Electric Pickle demonstration from Duchamp on YouTube
I got this from Penn & Teller’s very fun 1992 book, “How to Play With Your Food“. I picked up all kinds of neat tricks from that book, but this is far and away my favorite: the glowing pickle trick. I’ve done this dozens of times. It’s pretty simple really: you just plug a pickle into the wall. You’re probably saying to yourself “that sounds dangerous,” and you’re right — it is. As a matter of fact, Penn & Teller’s book doesn’t actually tell you how to do it — they just point out that it’s possible, without giving instructions. I like you better than Pell & Teller do, though, so I’m going to tell you the particulars. But still — this involves exposed wires, which makes it dangerous, so don’t do it. Now that I have that disclaimer out of the way, here’s how to do it:
- Buy pickles — dill pickles. You want ‘em nice & salty.
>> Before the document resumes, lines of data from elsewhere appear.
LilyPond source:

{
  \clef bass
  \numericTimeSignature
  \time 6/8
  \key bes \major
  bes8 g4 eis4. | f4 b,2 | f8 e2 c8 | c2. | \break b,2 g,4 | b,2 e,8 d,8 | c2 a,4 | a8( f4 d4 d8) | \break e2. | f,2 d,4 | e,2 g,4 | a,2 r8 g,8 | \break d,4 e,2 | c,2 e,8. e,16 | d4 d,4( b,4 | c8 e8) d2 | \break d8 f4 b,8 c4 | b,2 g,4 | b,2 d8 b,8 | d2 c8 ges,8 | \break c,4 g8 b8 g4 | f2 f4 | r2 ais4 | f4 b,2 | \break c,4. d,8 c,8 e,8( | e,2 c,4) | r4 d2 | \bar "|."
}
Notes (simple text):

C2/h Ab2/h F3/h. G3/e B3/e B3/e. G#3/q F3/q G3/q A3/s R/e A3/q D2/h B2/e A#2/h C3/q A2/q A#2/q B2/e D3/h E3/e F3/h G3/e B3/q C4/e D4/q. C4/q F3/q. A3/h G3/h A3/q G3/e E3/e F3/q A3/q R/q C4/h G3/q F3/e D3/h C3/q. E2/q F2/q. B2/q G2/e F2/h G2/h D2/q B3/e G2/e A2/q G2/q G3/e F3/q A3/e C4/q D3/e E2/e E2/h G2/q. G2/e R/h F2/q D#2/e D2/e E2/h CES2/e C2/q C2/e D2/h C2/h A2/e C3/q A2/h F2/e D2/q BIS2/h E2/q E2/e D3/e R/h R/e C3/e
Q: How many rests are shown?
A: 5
- Get an electrical cord. You can cut one off of an old appliance (buy one on the cheap at Goodwill), or just buy an extension cord. It doesn’t need to be very long, a few feet will do.
- Split the cord down the middle into its two halves, to about a foot and a half down the cord.
- Carefully remove the plastic sheathing around the copper wiring inside, a good couple inches down.
- Twist the copper wires into a point. From here, you’ve got a few options:
- Try spiking the copper wires directly into the pickle. This can be a bit tricky if your wires are… flaccid.
- Wrap the copper wires around the loop end of a metal spike. The spikes they sell for lacing turkeys work pretty well, or you can use a fork, or a nail.
- I spike the cord into opposite ends of the pickle, but I’ve also seen configurations where the spikes both come into one end of the pickle, and are spaced a bit apart.
- Make sure your pickle is on a safe surface (i.e., one that won’t conduct electricity) and stand back.
- Turn out the lights and plug the sucker in.
You caught that bit where I said to not do this, right? Good.
Here’s a truncated version of how & why it works: the electricity is conducted across the pickle by the pickle’s moisture, and the yellow light is emitted when the sodium ions in the pickle become excited. The smoke & charred pickle smell are because you’re electrocuting a pickle, yo!